かつての人の賑わいを生まれ故郷に呼び込みたい
高校生の時にファッションに関心を持ち、18歳で地元呉市を離れ、10年間広島、大阪、ロサンゼルスなど国内外でアパレルの下積みを経て、28歳で地元呉にUターンした下野隆司さん。久しぶりに地元に戻った際、どこか寂しい印象を抱いたという。「僕が学生の頃は今よりももっと、洋服屋が多く、若い人が広島市からでも遊びに来ていました。後継者問題や地域の高齢化により、少しずつ元気がなくなっていると感じました。歴史と文化のある呉市が衰退していく現状をどうにかしたいと思い、かつての賑わいを取り戻すため、アパレル業の枠を越えてイベントを立ち上げました」。イベントの根底にあるのは〝自分たちが楽しいと思えること〟。呉市に人を呼び込む仕掛けとして、「CITYLIGHTS」のあった段原で行っていた大型マルシェイベント「あさまち」イベントを実施。周辺経済の活性化、公共空間の利活用提案を目的としたこのイベントは大成功を収め、多くの人が呉を訪れ、活気の溢れる光景が広がった。

様々な角度から、人が集まる仕掛けを模索する
その後、地域のために自分たちでできることを見つけたいとまちづくり事業を行うNPO法人SYLを発足した。
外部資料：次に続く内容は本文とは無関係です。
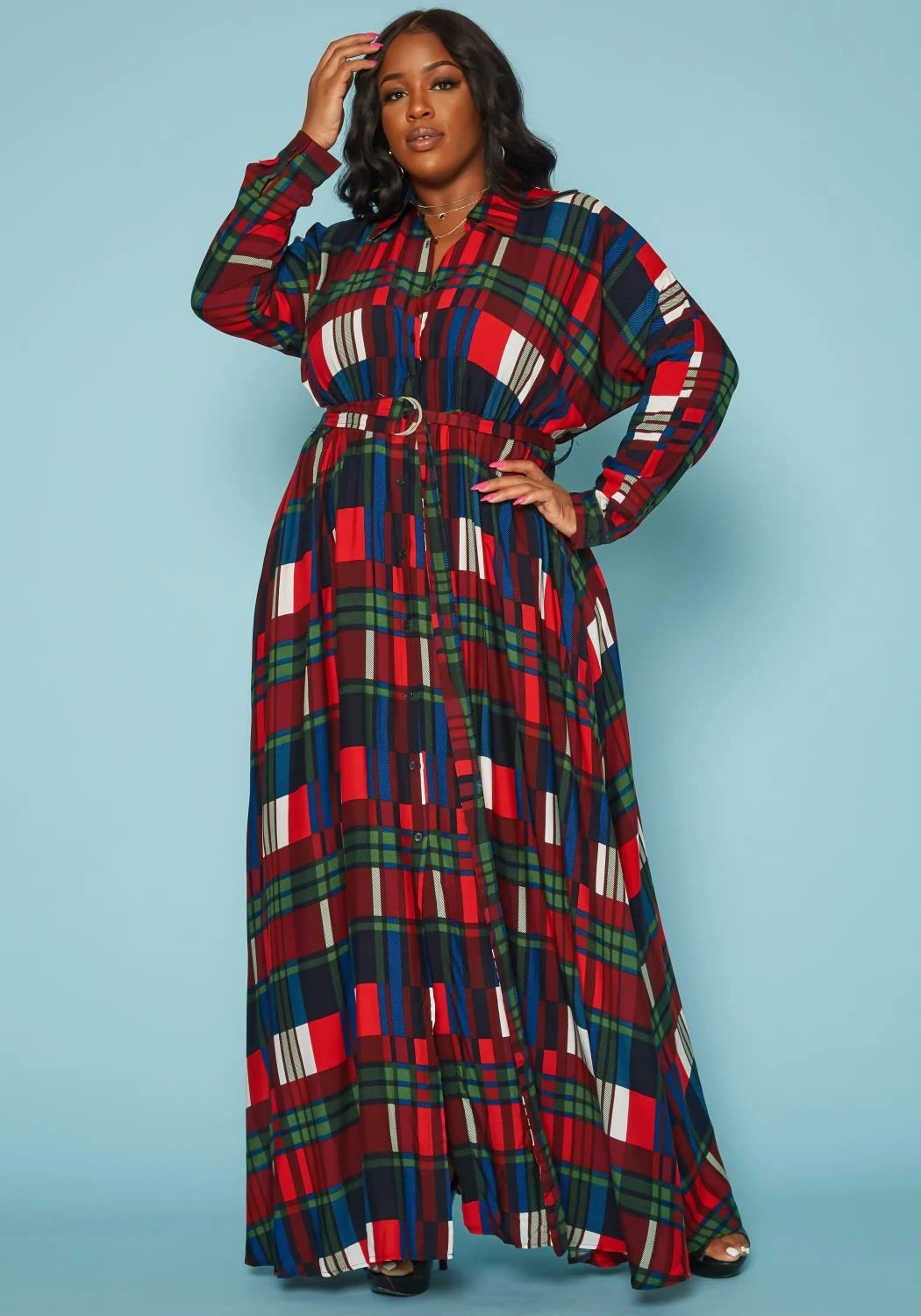 Plus Size Plaid Button Front Collar Maxi Dress 2 Plus Size Plaid Button Front Collar Maxi Dress - Image 2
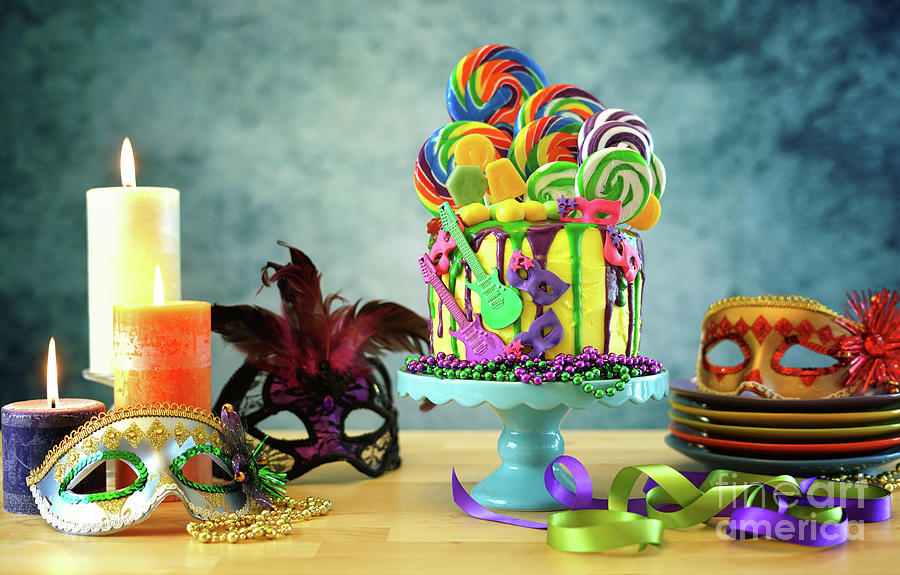 Mardi Gras theme on-trend candyland fantasy drip cake. #2 Photograph by Milleflore Images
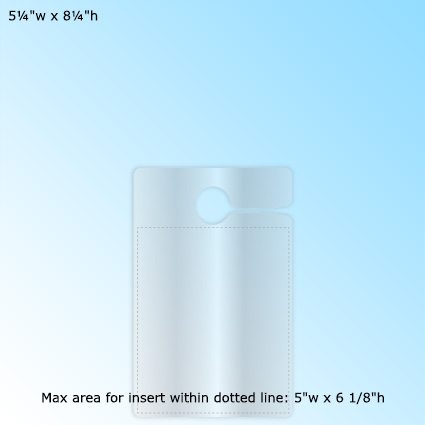 LamiTag (TM) - 5¼"w x 8¼"h w/ max area for insert within dotted line: 5"w x 6⅛"h LamiTag (TM) - 5¼"w x 8¼"h w/ max area for insert within dotted line: 5"w x 6⅛"h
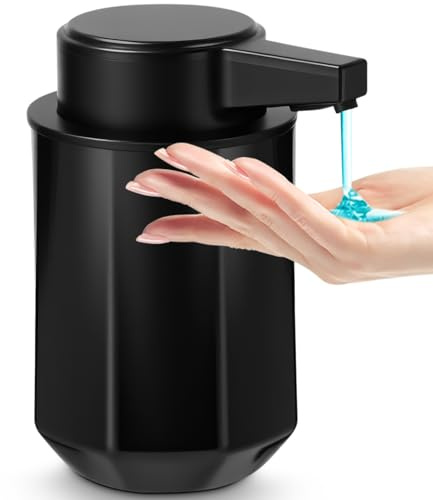 300 ml elektrisk automatisk tvåldispenser med sensor, automatisk tvåldispenser, ingen beröring, automatisk tvåldispenser med USB-laddning för badrum, kök, svart toalett,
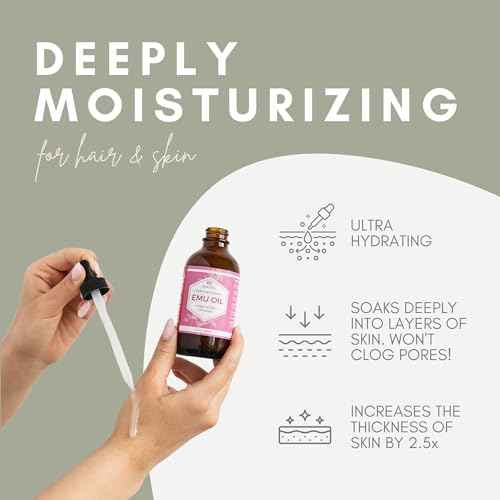 Leven Rose Emu Oil 32oz bulk, 100% Pure Natural Hair Strengthener Anti Aging Skin Moisturizer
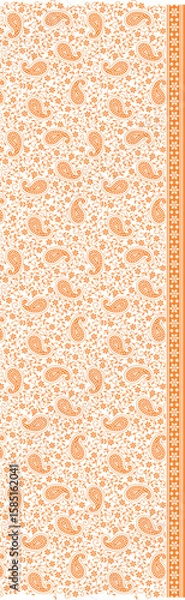 Fototapeta Paisley Flower Design Pattern, background, texture, fabric, paper print.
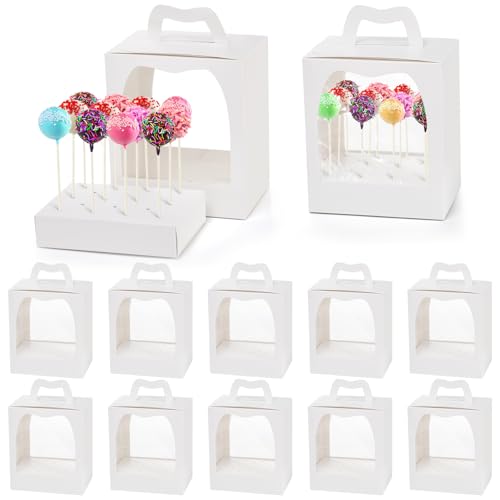 Nicunom 12 Pack Cake Pop Boxes, 18 Holes Cakes Pop Holder Cake Pops Packaging Boxes Gift Cakes Pop Stand Portable Lollipop...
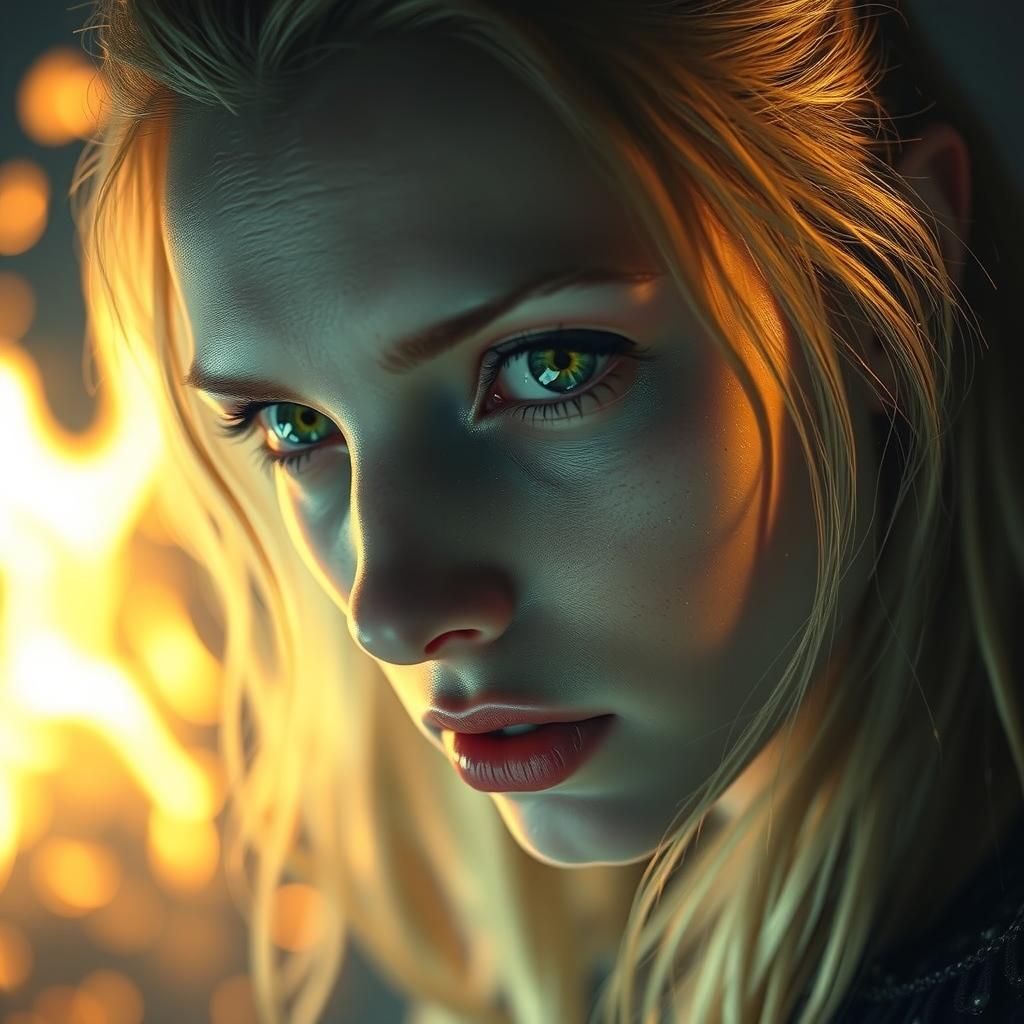 Mysterious Woman with Green Eyes in Fiery Ambiance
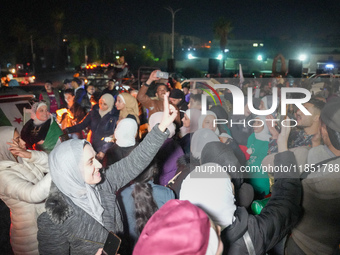 Syrians Gather In The Umayyad Square In The Heart Of Damascus To Celebrate The Fall Of The Assad Regime On December 9, 2024.(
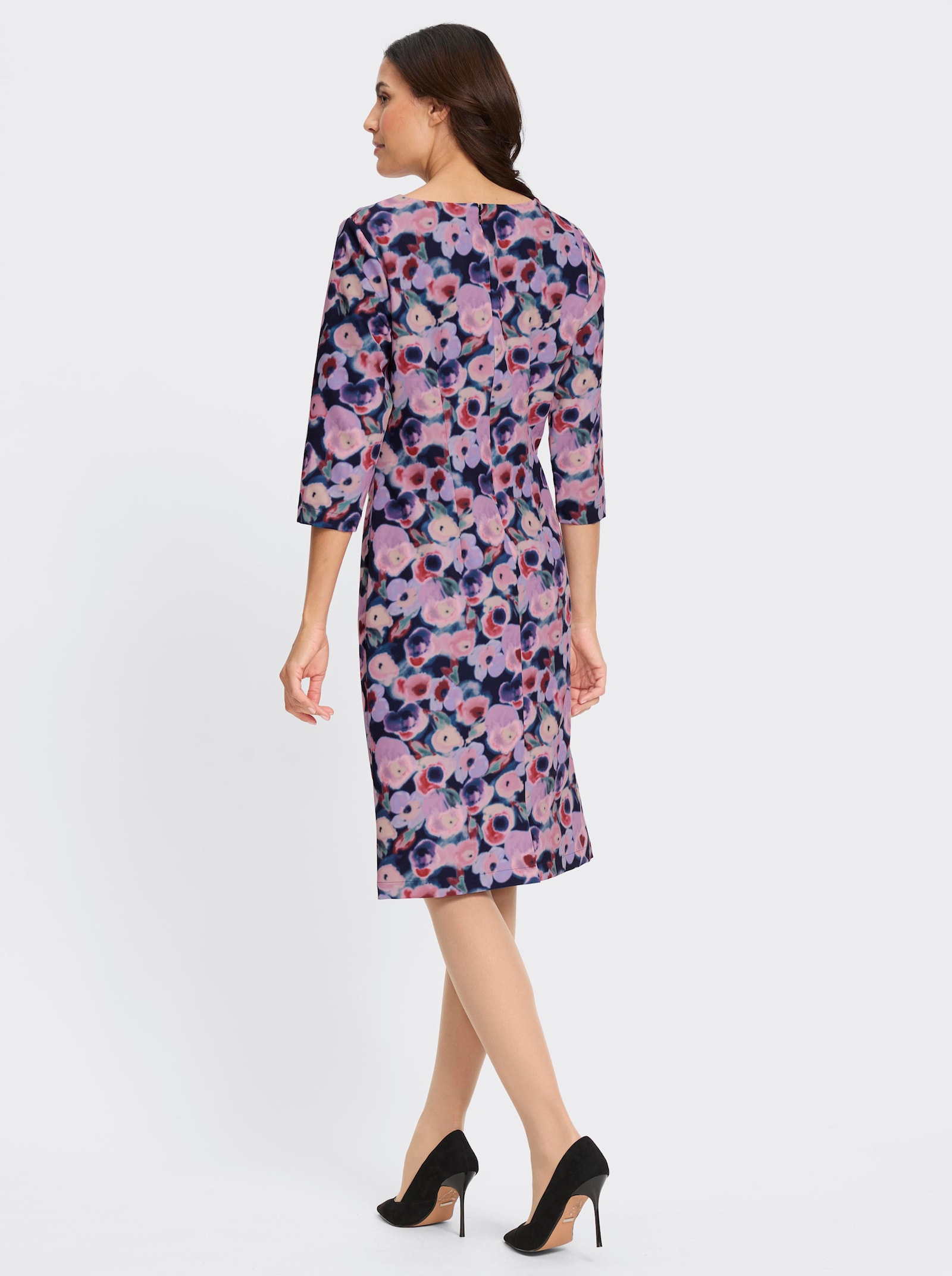 Etuikleid mit Falten an der Taille - marine-puder-bedruckt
広島近郊の人気パン屋さんのパン屋、パンにまつわるグッズを販売する「パンタスティック」も実施。「パンタスティック」の取り組みは、今では全国の選りすぐりのパン屋が集う、全国展開の大人気イベントとなっている。

アパレルが手がけるうどん屋、新しい事業モデルにしたい
2022年には3年間の香川県での修行を経て、Uターンした職人の兼田章生さんが腕をふるう「うどん 志もの」を開業。讃岐うどんに呉市内の食材を使用したうどんを提供している。「セレクトショップがやっているうどん屋なんてなかなかないと思います。興味と技術のあるスタッフがいてくれたから始められた取り組みです。今後の取り組みとしては、現状ランチだけの提供なので、夜の営業も行っていきたいと思っています。メニューはうどんに限らず、ハンバーガーやカレーなど、自分にはこれがある!というキラーメニューを持っている人に協力していきたい。設備もしっかり整っているので、固定概念に囚われず、一緒におもしろいことをやっていけたらと思っています。また、店名の『志もの』には、僕の名前をベースに、自分たちはもちろん、この店に「志す」「もの=者」が集まる場にすることで、僕たちの街を明るくしたいという想いを込めています。やる気と志しがある人を応援していきたいと思っています」。


フットワークは常に軽く、多様性を尊重していきたい
これまでの広島での「あさまち」などの取り組みが、県外の方にも知ってもらえる機会があり、沖縄県那覇市からの要請で2022年8月〜11月の間にプロジェクトマネージャーを担うこととなった下野さん。「那覇の国際市場が2017年に取り壊しになり、その地区の盛り上げを行うことになりました。新しい場所を訪れると新しい出会いがあり、楽しいアイディアを生み出すきっかけになります。これからも多角的にイベントを展開していく上で、一人で地域の問題や特徴を把握し、イベントを実現していくには限界があるので、現地を実際に見て、体験したものを、自分とは違う新しい角度から昇華する一緒に働いてくれるプロジェクトマネージャーを募集したいと思っています。今の若い世代は、僕らの頃と違って、現場に行って学ばなくてもSNSや動画など、簡単に学べるコンテンツが揃っているので、みんな基本的なスペックが高いですよね。やる気と形作るパワー、そこに遊び心があれば人が集まる仕組み作りを一緒に創っていけると思っています」。雇用という形にこだわらず、フリーでの活動や、リモートでの活動など、その人の持つ技術を柔軟に活かせる場を作っていきたいと語ってくれた。